Providing investors with further cause for celebration, management guided for the company to maintain its performance in 2019, forecasting gold production of 480,000 ounces to 520,000 ounces. And allaying the concerns of skeptics who may have questioned at what cost the gold production would come, management forecast 2019 all-in sustaining costs (AISC) per gold ounce of $920 to $960 -- lower than the anticipated 2018 AISC per gold ounce of $990. (The company ultimately reported 2018 AISC of $989 per gold ounce.)

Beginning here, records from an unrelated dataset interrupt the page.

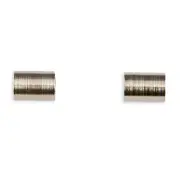 Mach 3 Razor Handle Kit Bushings for Woodturning, Legacy Woodturning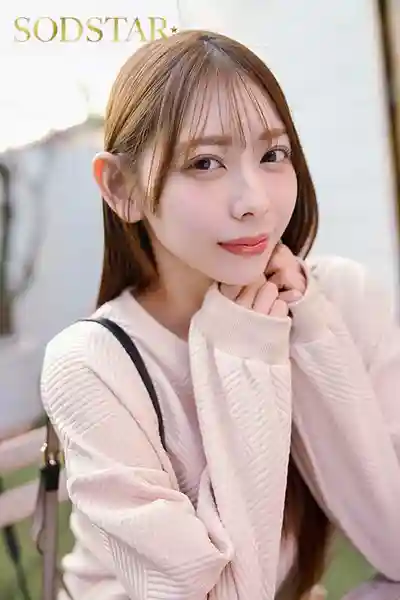 START-550 和剛交往的女友展開精緻同居生活 時而溫柔纏綿時而激情似火 被絕倫女友玩弄的性福日常 ~ 一宮瑠衣的劇照6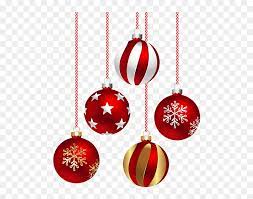 Check spelling or type a new query. Hanging Christmas Ornaments Png Christmas Ornaments Png Transparent Png Download Vhv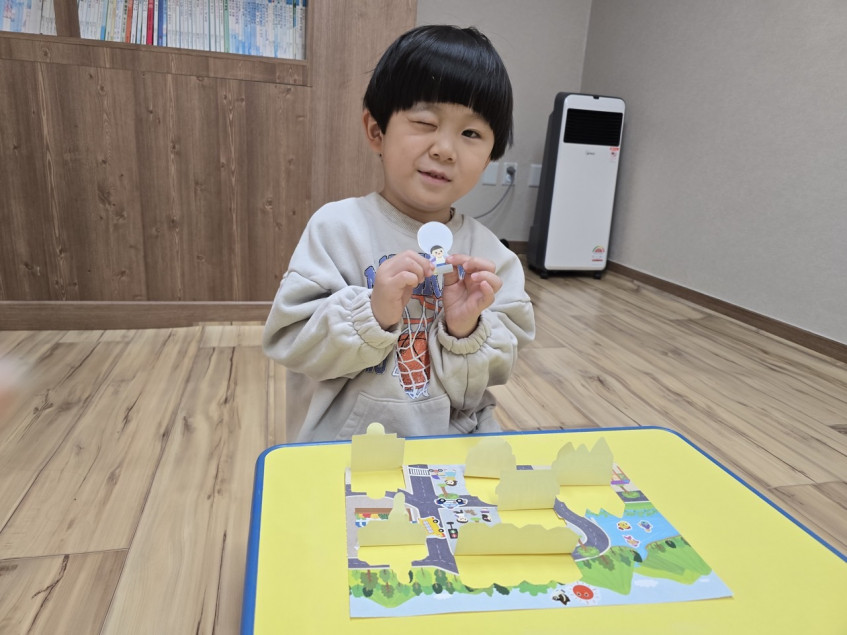 438a665500d3c316a2fab145165258f8_1768342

Wall Street's approval also helped to motivate investors. In April, Credit Suisse initiated coverage on Alamos Gold with an outperform rating and a $7 price target -- at that time, shares were trading hands at less than $5 per share -- according to TheFly.com. About two months later, investors found additional support for the stock in the form of an upgrade to buy from hold thanks to Canaccord, which provided a price target of 8.25 Canadian dollars, or about $6.49 in American currency.
Alamos Gold's progress in bringing development projects along also figured in prominently. In March, the company announced that the Turkish government had granted it an operating permit to begin earthwork at the Kirazli project. Management expects mineral production to begin at the site by the end of 2020. Investors' excitement regarding progress at the mine is understandable, since Alamos estimates Kirazli will yield an internal rate of return of 44%.

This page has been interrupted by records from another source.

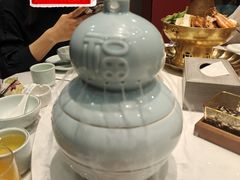 -赛汗塔拉风情园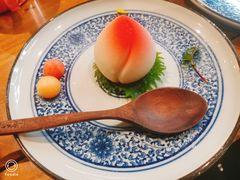 -顺承小院儿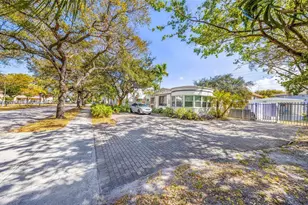 2000 Monroe St, Hollywood, FL 33020 - Photo 18
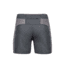 Marmot Accelerate Short - Mens, Slate Grey/Cinder, Extra Large 44420-1453-XL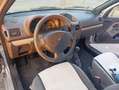 Renault Clio Clio Storia 3p 1.2 Dynamique - thumbnail 8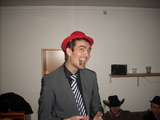 dscn2475.jpg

Last, one would be remiss to consider the significant jump in Alamos Gold's stock without acknowledging the 10.2% rise in the market price of the yellow stuff, since there is a high correlation between the prices of mining stocks and the commodities in which they deal.
Forecasting strong gold production and declining costs, Alamos Gold represents an interesting option for gold investors; moreover, the debt-free balance sheet -- something of a rarity among gold miners -- helps the company to glitter even more brightly. Digging into the company further certainly seems warranted for those who perceive it as a lustrous opportunity.